The pcaps themselves aren’t committed — they’re rebuilt from the script in CI before the suite runs, so the repo stays lean and the fixtures stay byte-identical across machines. The full suite (46 tests) runs against Python 3.10 through 3.14 on every push.

Where this fits

This is the companion tool to the Fortinet packet-flow series — same kernel-level packet behaviour, different forensic vantage. The packet-flow series walked through what a FortiGate does to a packet on its way through; rst-forensics is what you reach for when you suspect that work is closing connections on someone else’s behalf, and you need evidence to back the claim.

Repo, install instructions, deterministic fixtures, and CI matrix on GitHub: github.com/MichealGarner/rst-forensics.
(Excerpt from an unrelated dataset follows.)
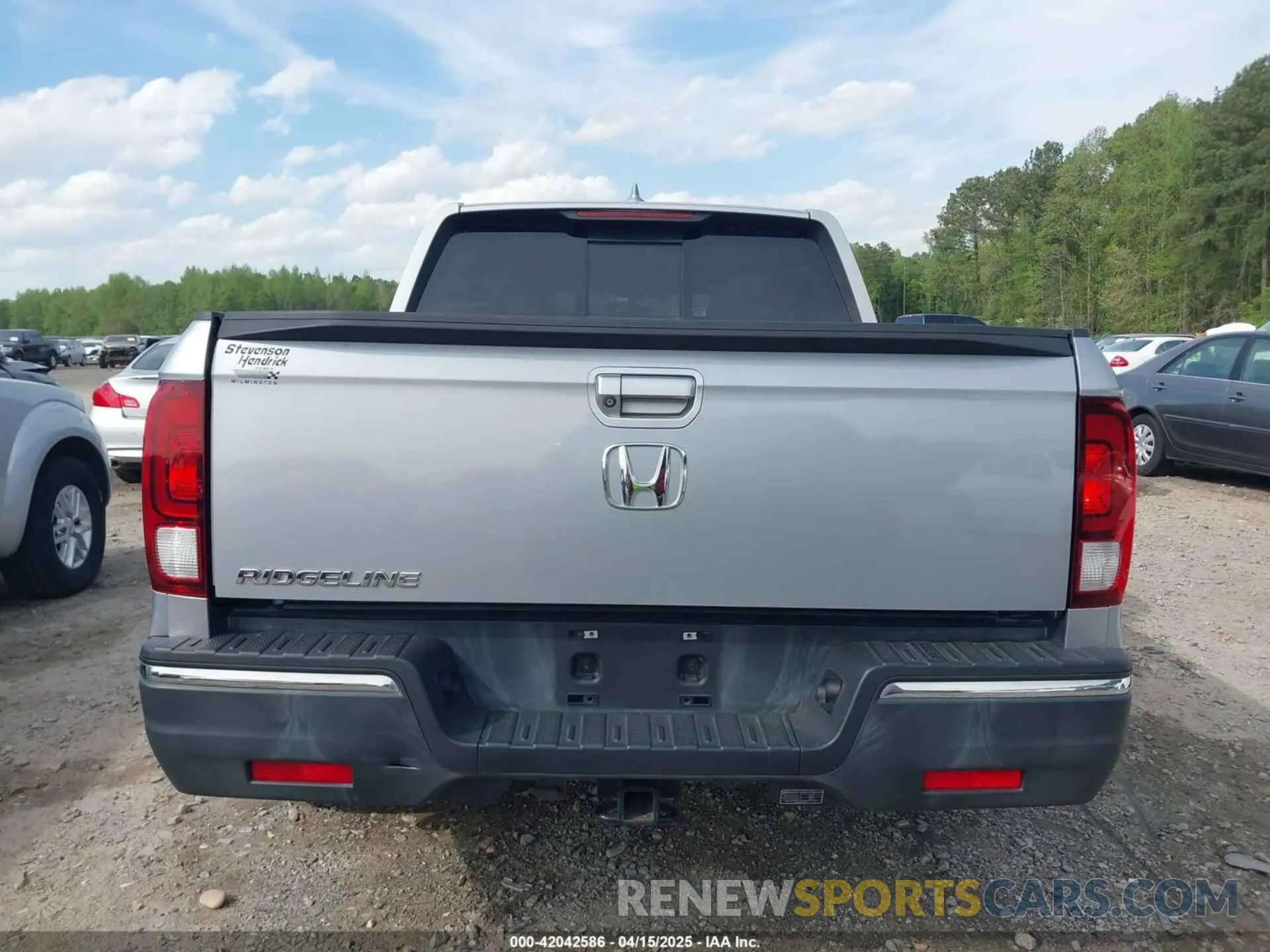 16 Photograph of a damaged car 5FPYK2F69KB004533 HONDA RIDGELINE 2019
Pure-Python classifier, optional scapy adapters, MIT-licensed. Install with pip install git+https://github.com/MichealGarner/rst-forensics, point it at a pcap, and stop guessing who hung up.

Phase 4 — making outgoing client RSTs verdict cleanly as CLIENT instead of relying on the timing scorer’s lone dissent — is open work. The current scorers all read every RST against the server baseline, which is the right call for incoming RSTs but soft on outgoing ones. Direction-aware scoring is the natural next step, and PRs are welcome.